Meet Yahel Ben-Zvi: National Moth Week’s First USA Student Coordinator
National Moth Week welcomes Yahel Ben-Zvi as its first USA student coordinator. In this newly created position on the NMW team, Yahel will be cultivating interest in NMW among college and university students across the country.
Yahel, 22, graduated in 2021 from the Rutgers School of Environmental and Biological Sciences with a double major in entomology and plant science. He just completed his first year in the school’s Ph.D. program in entomology. His research focuses on how landscape changes and domestication of agricultural crops have affected the attraction of beneficial insects, such as pollinators and predators/parasitoids to the plant’s volatile compounds. This summer, he is doing fieldwork in the cranberry bogs of New Jersey’s Pine Barrens.
As a child growing up in East Brunswick, Yahel attended events held by the Friends of the East Brunswick Environmental Commission, which established National Moth Week in 2012 under the leadership of David Moskowitz and Liti Haramaty.

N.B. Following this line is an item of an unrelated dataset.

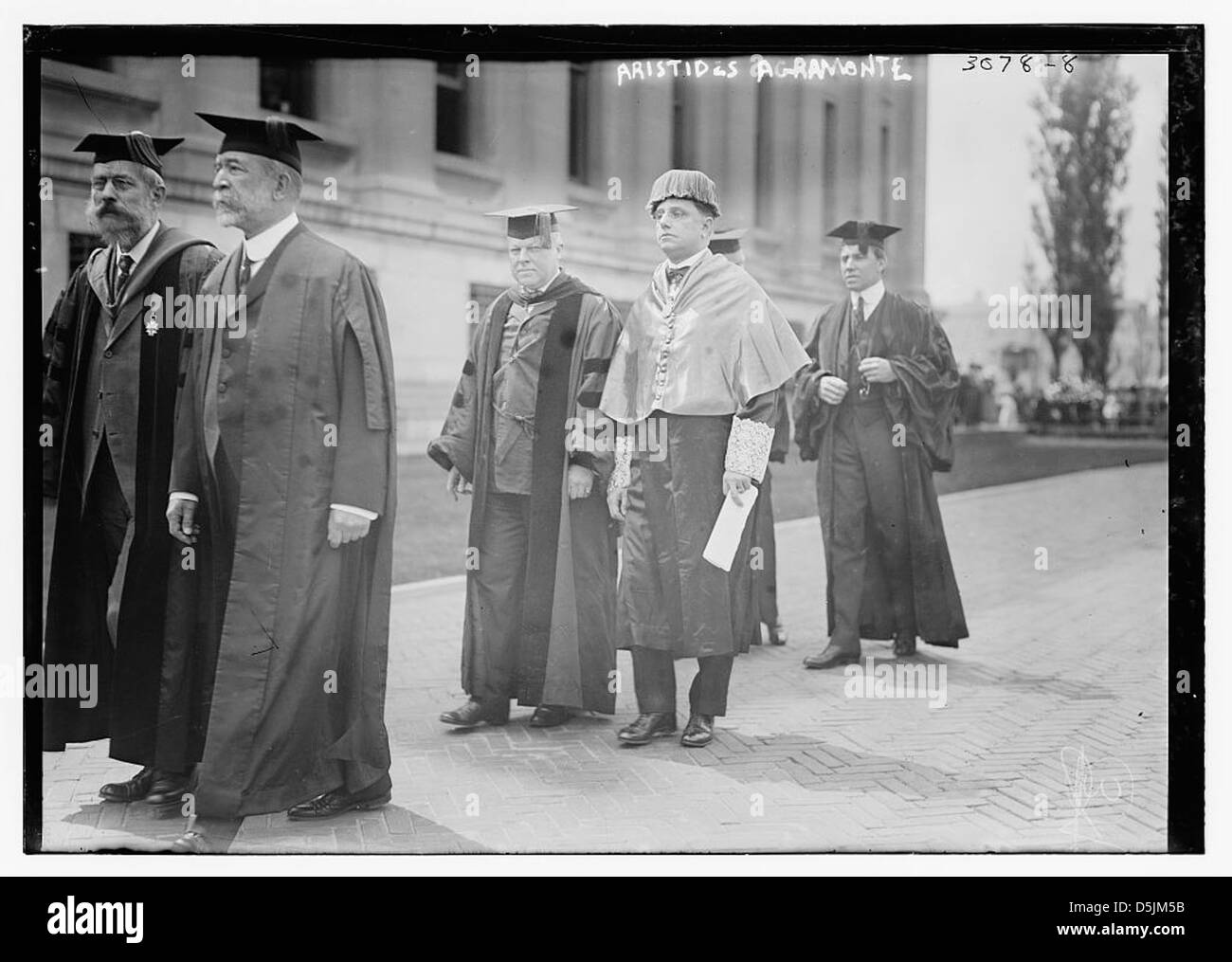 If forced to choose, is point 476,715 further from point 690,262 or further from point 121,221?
point 121,221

“I’ve been to several mothing events since black-light trapping is a very popular method of collecting insects,” he said. “When Liti Haramaty approached me about working with NMW, I thought ‘Oh wow, that’s pretty cool.’ I didn’t know it was so global.”
Yahel says his role in National Moth Week is “very connected to what I do.”
“As a student in the USA studying entomology, I have been in contact with people from the Entomology Society of America in order to spread the word about NMW among students of other universities.”
He notes that the society’s meetings are the biggest entomology events for students across the country, and he hopes to leverage his connections in his new role with NMW.